• Available data:
Start of Block
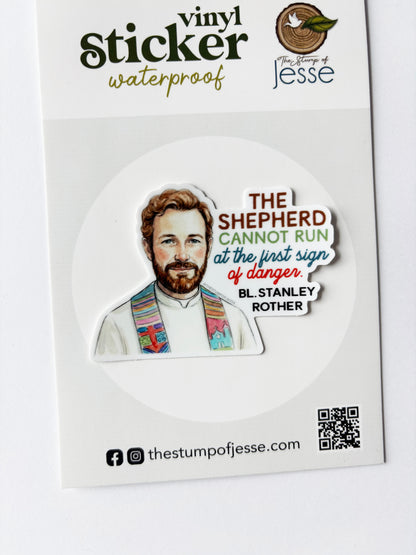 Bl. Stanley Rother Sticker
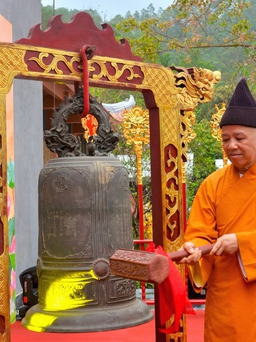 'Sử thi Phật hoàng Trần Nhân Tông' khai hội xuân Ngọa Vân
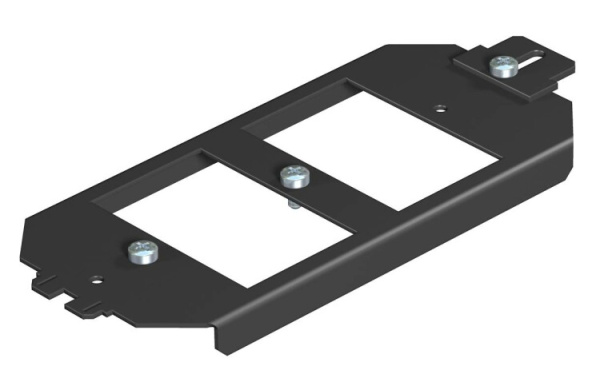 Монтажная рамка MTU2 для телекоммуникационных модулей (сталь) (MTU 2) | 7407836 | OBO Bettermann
End of Block
• About this exercise: If pictures appear in the data, omit them and copy all other parts exactly.

• Solved exercise:
 Bl. Stanley Rother Sticker
 'Sử thi Phật hoàng Trần Nhân Tông' khai hội xuân Ngọa Vân
 Монтажная рамка MTU2 для телекоммуникационных модулей (сталь) (MTU 2) | 7407836 | OBO Bettermann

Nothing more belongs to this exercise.